Nice to see you - to see you etc

and Welcome to Wild Camping - perhaps you could post some pictures and a bit of a write up from your travels? it would help to lift the gloom that some of us will be stuck with this winter


----------



## Deleted member 775 (Oct 5, 2008)

hi welcome to wild camping, hope you have a great time on your travels enjoy.keep us posted


----------



## jimmnlizz (Oct 5, 2008)

Hi Billyb, welcome to the site!!  There is all sorts  of interesting  stuff on here!   ENJOY!    JIM


----------



## guerdeval (Oct 6, 2008)

Not knocking 'wild camping' but with Winter coming on there's a lot to be said for a bit of comfort, we're parked up at La Marina South of Alicante until next April, 2 pools, gym, tennis, top class showers etc/bar with happy hour and near the beach, 11Euro a night (about 7quid) , got to be cheaper than trying to heat a house in UK. (and free wi-fi of course)


----------



## Billyb (Oct 6, 2008)

Well we headed out from the UK Xmas eve, ferry over to Bilbao. Very nervous ( we'd never owned a van before, never spent more than a weekend in this one & here we were on our way for 2 years) Spain was cold so we headed down to Portugal only to find that most of the UK/ Holland/ Germany were already there. We had fine times down there. In all we made it as high as Nord Kapp, East as the Ukraine, West as Capo St Vincent in Portugal & South as Gib. Took 30,000 photos - I'll post some when I've worked it out.  Thanks for the warm welcome - hope we'll meet on the road


----------



## lenny (Oct 6, 2008)

Hi and welcome Billyboy, admire your bottle, looking forward to some of the pics, if not all of them,What type of Hymer did you use?


----------



## Deleted member 4053 (Oct 13, 2008)

*europe and beyond*

Hi billyb   
Welcome!


That looks a great trip you are on, how about a blog as well as some pictures
for us uk members who havent made it abroad yet

weez
Tony


----------



## Baggins (Oct 13, 2008)

*Do you have to contract the whole winter*



guerdeval said:


> Not knocking 'wild camping' but with Winter coming on there's a lot to be said for a bit of comfort, we're parked up at La Marina South of Alicante until next April, 2 pools, gym, tennis, top class showers etc/bar with happy hour and near the beach, 11Euro a night (about 7quid) , got to be cheaper than trying to heat a house in UK. (and free wi-fi of course)




Hi

Do you have to contract the whole winter to get that 7 squid price?

I read that prices on Spanish site for 'latecomers' is sometimes very high.
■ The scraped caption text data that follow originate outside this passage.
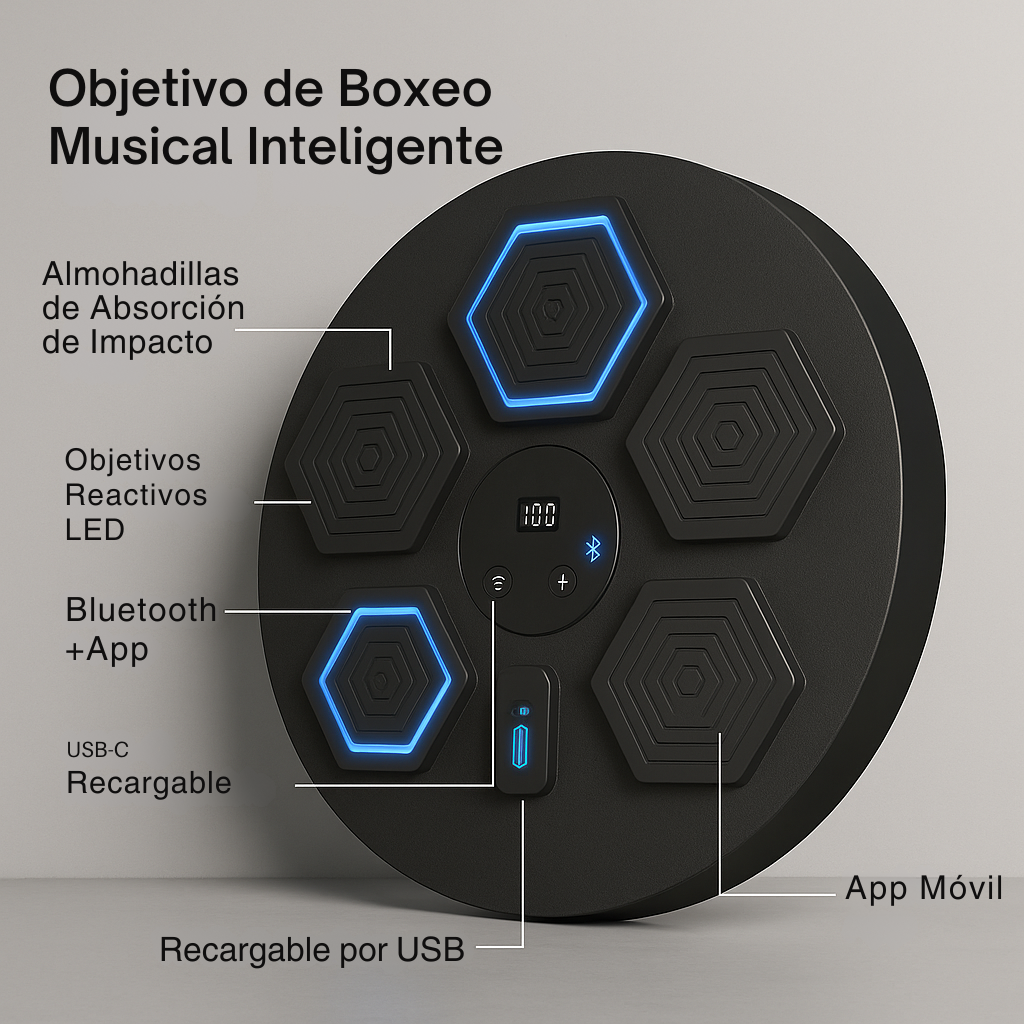Máquina de Boxeo Inteligente Bluetooth con Luces para Fitness en Casa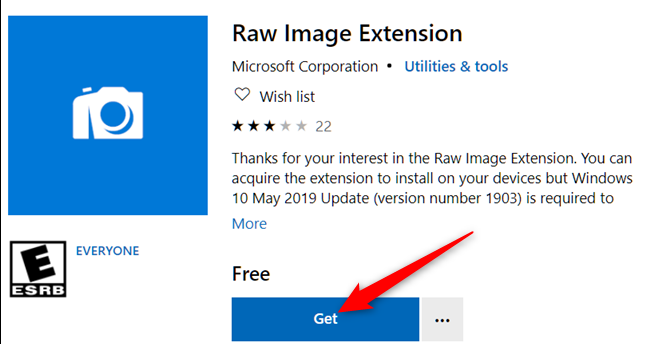 Windows 10: Download the RAW Images Extension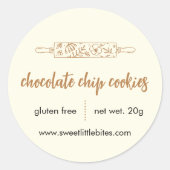 Sweet Little Bites Bakery Chocolate Cookies Ronde Sticker (Voorkant)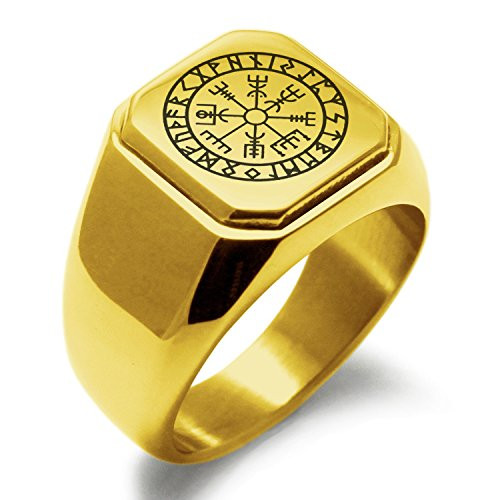 Tioneer Gold Plated Stainless Steel Icelandic Vegvisir Viking Rune Symbol Square Flat Top Signet Biker Rings for Men Size 155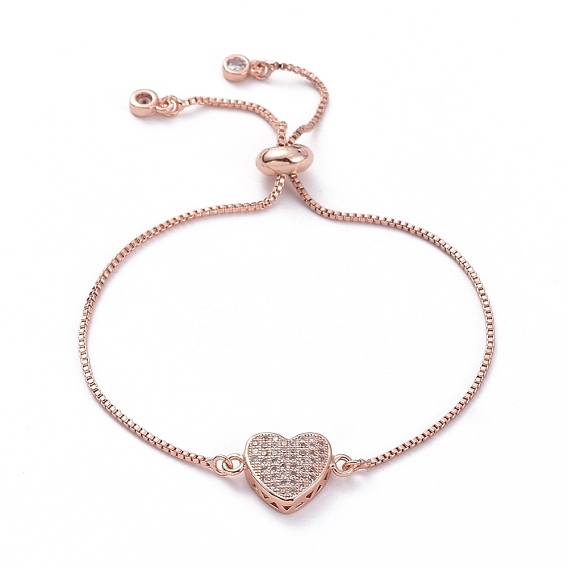 Adjustable Brass Slider Bracelets, Bolo Bracelets, with Box Chains, Brass Micro Pave Cubic Zirconia Links and Cardboard Packing Box, Heart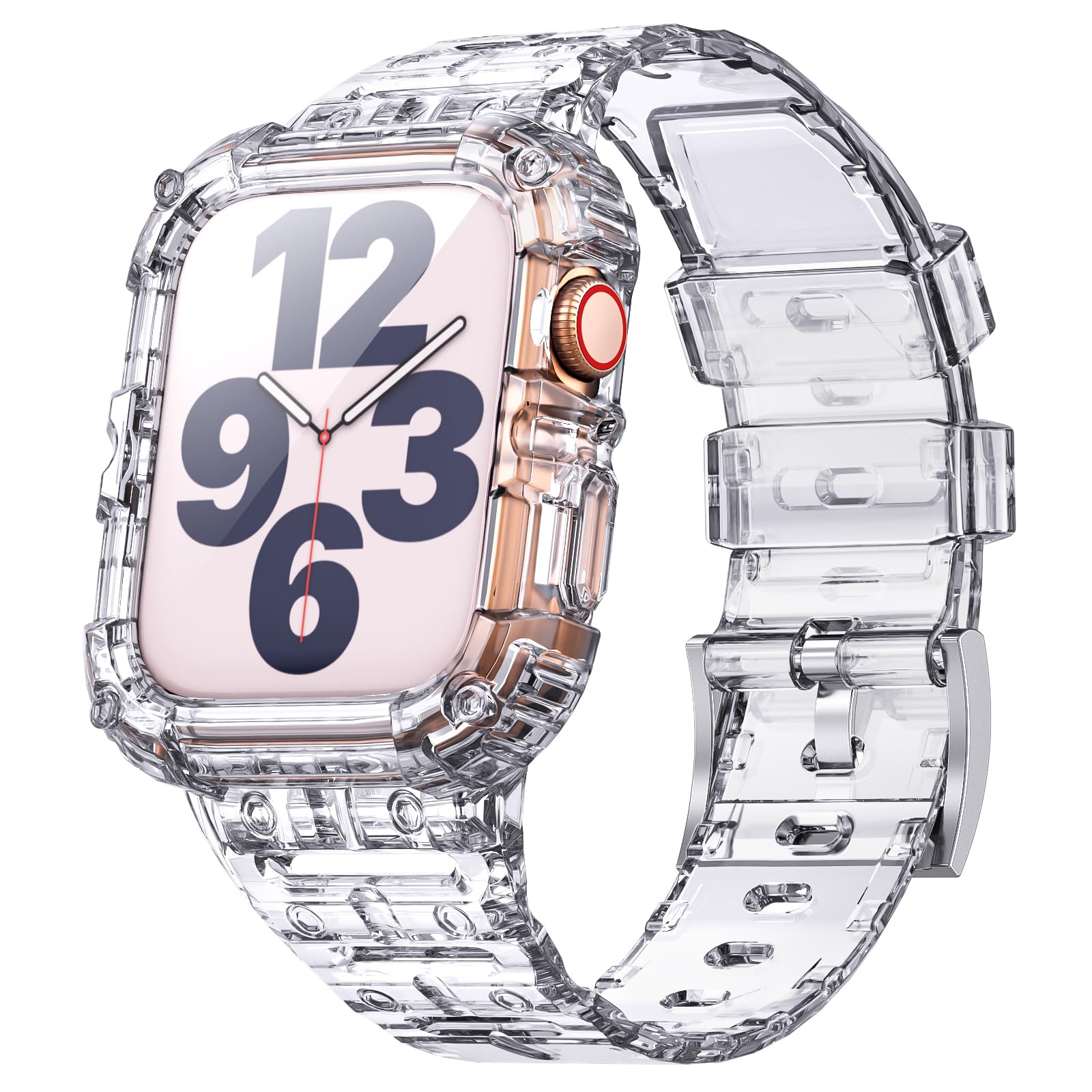 Photo 1 of ANCOOL Compatible with Apple Watch Clear Band 41mm 40mm 38mm for Women Men, Crystal Bands with Bumper Case for iWatch Series 9 8 7 SE 6 5 4 3 2 1, Clear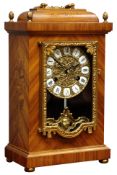 20th century French style inlaid kingwood mantel clock, inlaid with flowers,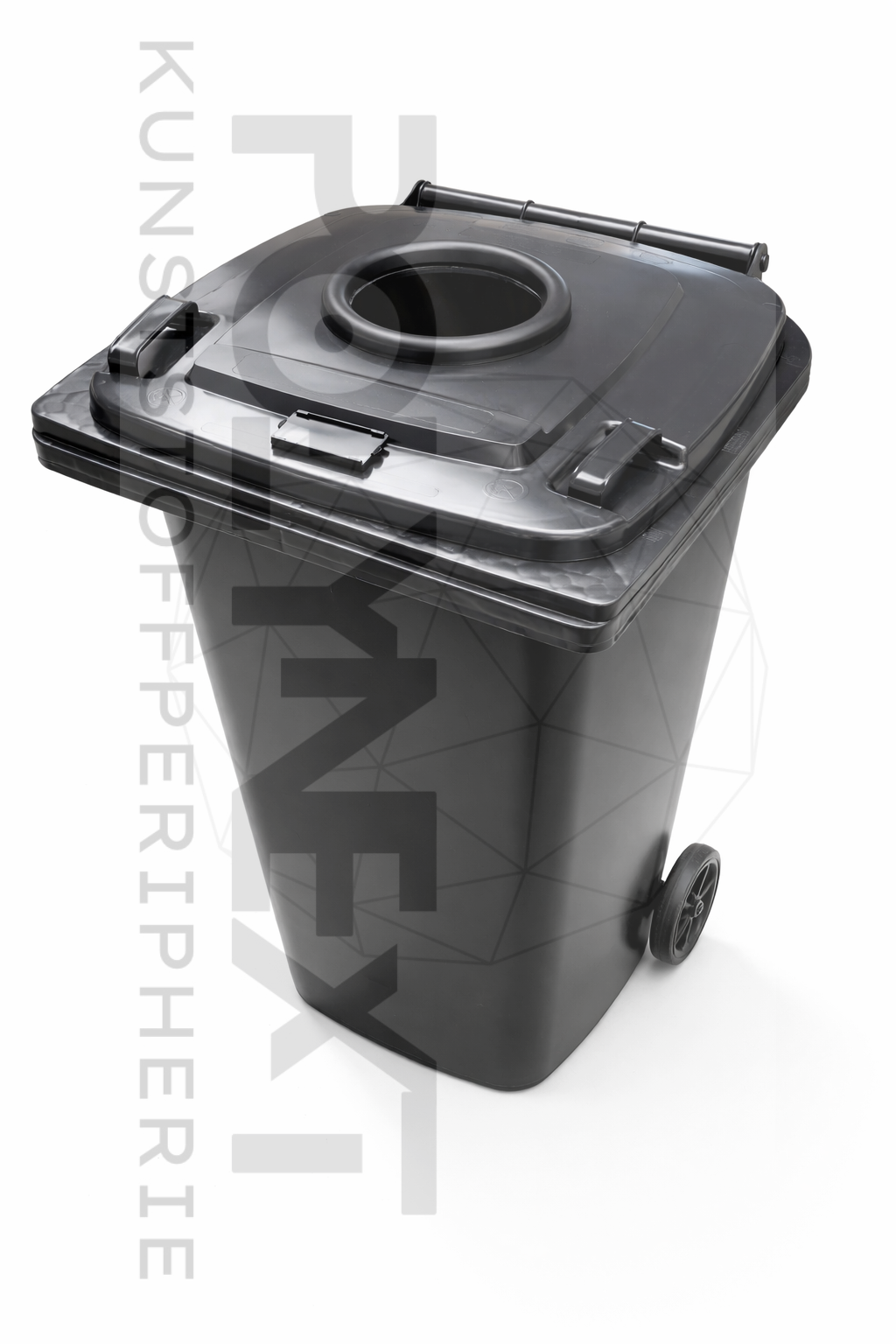 Materialbehälter aus HDPE mit Edelstahl-Absaugstutzen und Sichtfenster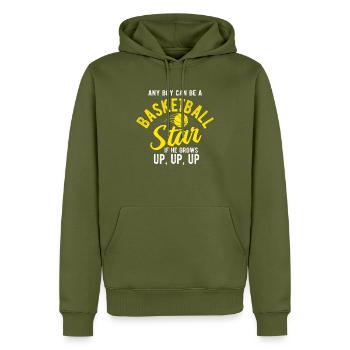 Basketball - Männer Premium Bio Hoodie - Khaki - Vorne - Nico (187cm)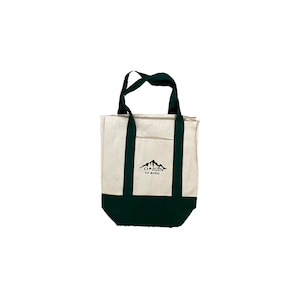 May include: A beige canvas tote bag with green handles and a green bottom. The bag has a logo that says "ORIGIN", with a mountain range graphic below the text.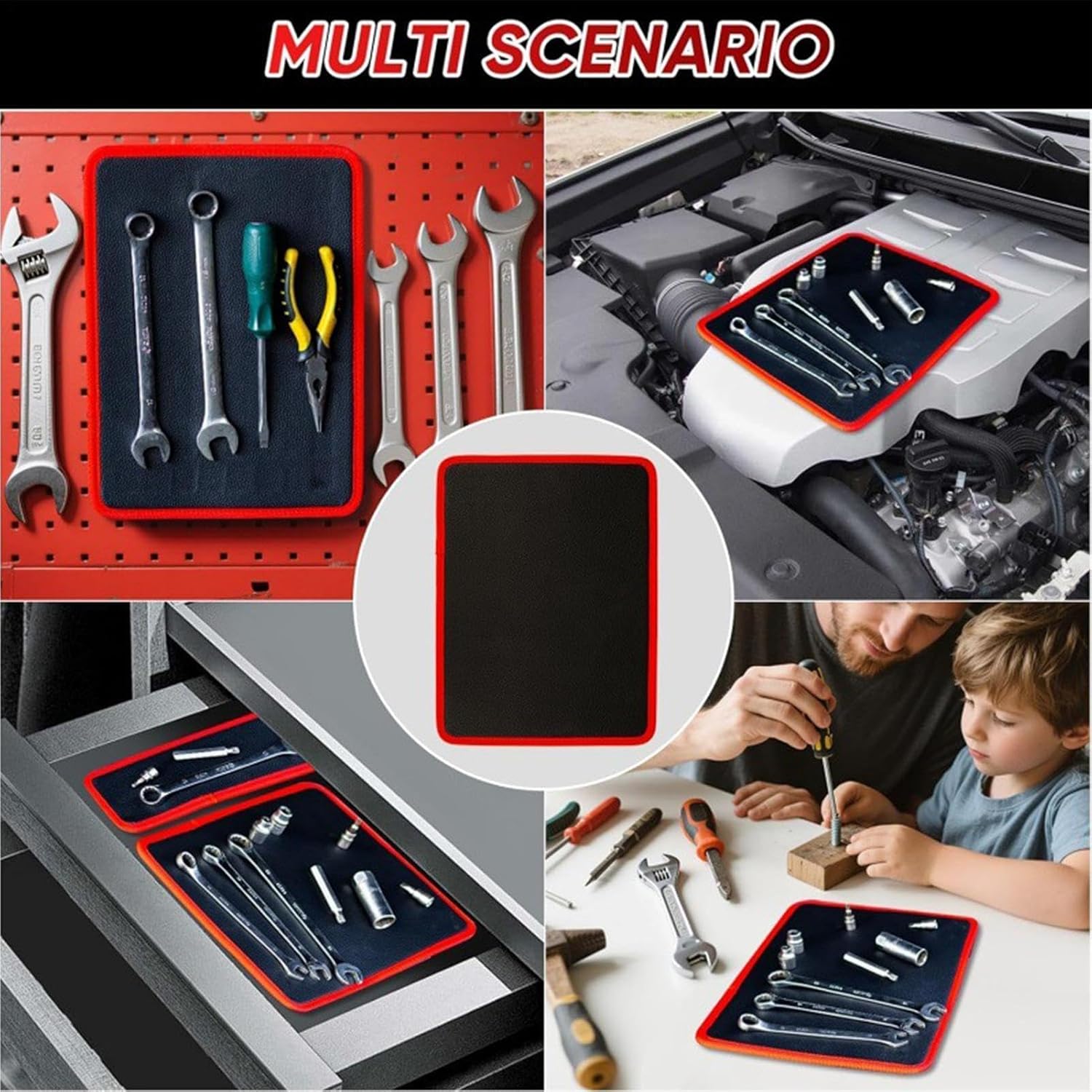 Coussinets Magnétiques Pour Outils, Organisateur De Pièces Magnétiques Flexibles Et Antidérapantes – Tapis De Support Magnétique Flexible | Pour Atelier, Réparation Automobile, Voiture, Garage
Anyhow - looks a good deal.

BW


----------



## cipro (Oct 13, 2008)

guerdeval said:


> Not knocking 'wild camping' but with Winter coming on there's a lot to be said for a bit of comfort, we're parked up at La Marina South of Alicante until next April, 2 pools, gym, tennis, top class showers etc/bar with happy hour and near the beach, 11Euro a night (about 7quid) , got to be cheaper than trying to heat a house in UK. (and free wi-fi of course)


 
Thats sounds brill and cost is good any pics being as it is dull here
I work in the brick industry and have 8 weeks off from december

Will have plenty of time but no dosh to go south to warmer places
Bummer. Still we wont let the buggers grind us down


----------